Quino recuerda que «no siempre fue fácil. Pero si hay afecto, como el que nos une con Daniel, los conflictos se resuelven. Recuerdo, la bronca que me daba, en los primeros años, cuando publicaba Mafalda como un género menor […] Nunca nos apartamos, ni siquiera cuando se exiliaron y el destino era incierto: haberlos dejado hubiese significado hacerle, como dicen los españoles, una ‘putada’ a Daniel». Quino habla en plural refiriéndose a él y a Roberto Fontanarrosa, el otro éxito de ventas. Fontanarrosa publicaba en Hortensia, una revista que llegó a tener una tirada de cien mil ejemplares. Divinsky lo descubrió y, tal como había hecho Álvarez con Quino, le ofreció publicar un libro: ¿Quién es Fontanarrosa? Era 1972 y el comienzo de doce tomos de Boggie, el aceitoso, treinta y dos del gaucho Inodoro Pereyra y más de veinte cuentos de enorme éxito y popularidad. Con su muerte, en 2007, estalló un litigio entre su único hijo y su segunda esposa que impidió la reimpresión de libros anteriores y el lanzamiento del inédito Negar todo. Ahora, editorial Planeta ha vuelto a publicarlo.
—La fidelidad no es hereditaria y la tristeza no es por dinero. Una parte de esos libros es mía. El Negro me entregaba ideas brillantes, remates increíbles, pero el editing lo dejaba en mis manos.
«Conocí a Daniel en Cali, en 1975 —escribe desde Madrid, el escritor colombiano Daniel Samper Pizano—. Yo era subdirector de El Pueblo; él llegó allí con sus cartapacios y fue facilísimo que contratara caricaturas de Fontanarrosa, Caloi y otros de la pandilla de Hortensia. Fue también facilísimo que nos hundiéramos en largas y nocturnas charlas. No mucho después, los militares les hicieron entender a los Divinsky que era mejor que se largaran de su país».
—Hasta 1975 publicamos cosas que nadie editaba; revulsivas para la época. No se vendían demasiado, pero supimos aprovechar un tiempo permisivo. Con el golpe de 1976 todo cambió. El catálogo era ecléctico, progresista, peligroso.

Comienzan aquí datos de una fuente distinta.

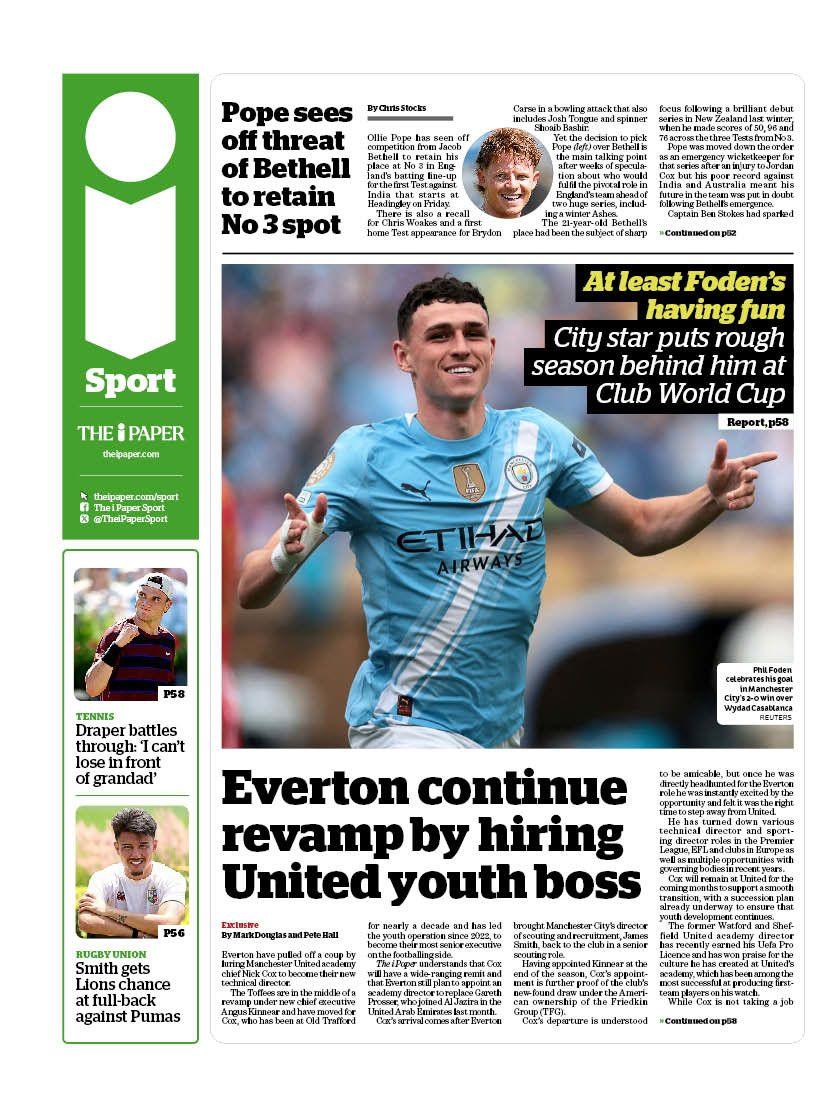 The back page of the i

La excusa para encarcelarlos, en febrero de 1977, fue el libro infantil Cinco dedos: una mano verde persigue a los dedos de una mano roja, entonces éstos deciden unirse y formar un puño para vencer. El verde fue asociado por los militares con su uniforme, y el triunfo del puño colorado interpretado como un modo de «adoctrinar a los niños para el accionar subversivo». Una carta abierta de la Asociación de Escritores Internacionales fue decisiva para la liberación. Los ciento veintisiete días de prisión habían sido una clara advertencia. Ángel Rama, exiliado en Caracas y director Literario de Biblioteca Ayacucho, le ofreció a Divinsky un puesto en esa editorial. «Querido Daniel: creo que aquí pueden hacer buenas cosas y, aunque esto sea bastante intrépido, siempre será mejor que la Argentina del presente». Empezaba 1978, cuando el editor asumía su puesto en el exilio.

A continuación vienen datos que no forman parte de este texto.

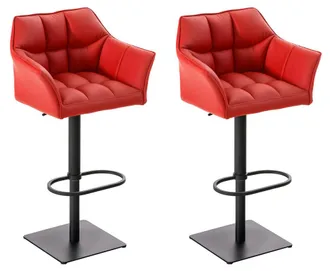 Clp Clp - Set 2 Sgabelli Alti Bar Damaso In Similpelle Rosso Nero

—La editorial quedó en manos de mi suegra. Sin deudas, y con la fidelidad de Quino y Fontanarrosa, resistimos reeditando longsellers y algún otro libro. Recuerdo una carta que le escribí con veintiocho instrucciones. Era la fantasía de creer que podía controlar todo a la distancia. Más que eso: era la ilusión de pensar que seguíamos aquí.
Si algo no descuidó durante el exilio fue el español rioplatense, en especial el de su hijo Emilio, que tenía dos años al partir.
—‘Cerrá, cierra, el grifo, la canilla, la llave’, le decía para indicarle que no dejara correr excesivamente el agua del cuarto de baño.
Ahora, Emilio tiene treinta y ocho años y es baterista. Después de la separación, estuvo cerca de su padre, pero últimamente están más distanciados. Es como si nadie terminara de aceptar que se ha roto el ensamble casi perfecto entre pareja y sociedad editorial.
—¿Un músico puede dirigir una editorial?
—No le interesa. Y mi nieto tiene siete años.
Solapadamente, concluye que no hay sucesión. Alguna vez dijo que antes que vender prefería cerrar la editorial y dejar el perfume de un buen recuerdo. Ahora, antes de despedirse, saca de un armario un vaso que guarda desde 1975.
—Sonó el timbre, abrí la puerta y ahí estaba Vinícius de Moraes, radiante después de haber firmado cientos de ejemplares de sus libros en el estand que, por primera vez, teníamos en la Feria del Libro de Buenos Aires.
Vinícius de Moraes estaba allí, con ese vaso vacío en la mano, esperando que su editor lo llenara con buen whisky.
Vuelve a guardarlo y apaga la luz.
Mientras el país recuperaba la democracia, 1983, Divinsky le escribía a Ángel Rama: «Me reencontré con calles, cafés, hábitos, una cultura (perdonando la palabra) muy viva a pesar de todo… Me reencontré con la editorial sanísima, contraté una novela argentina, caminé sobre las nubes y me sentí lleno de ímpetu».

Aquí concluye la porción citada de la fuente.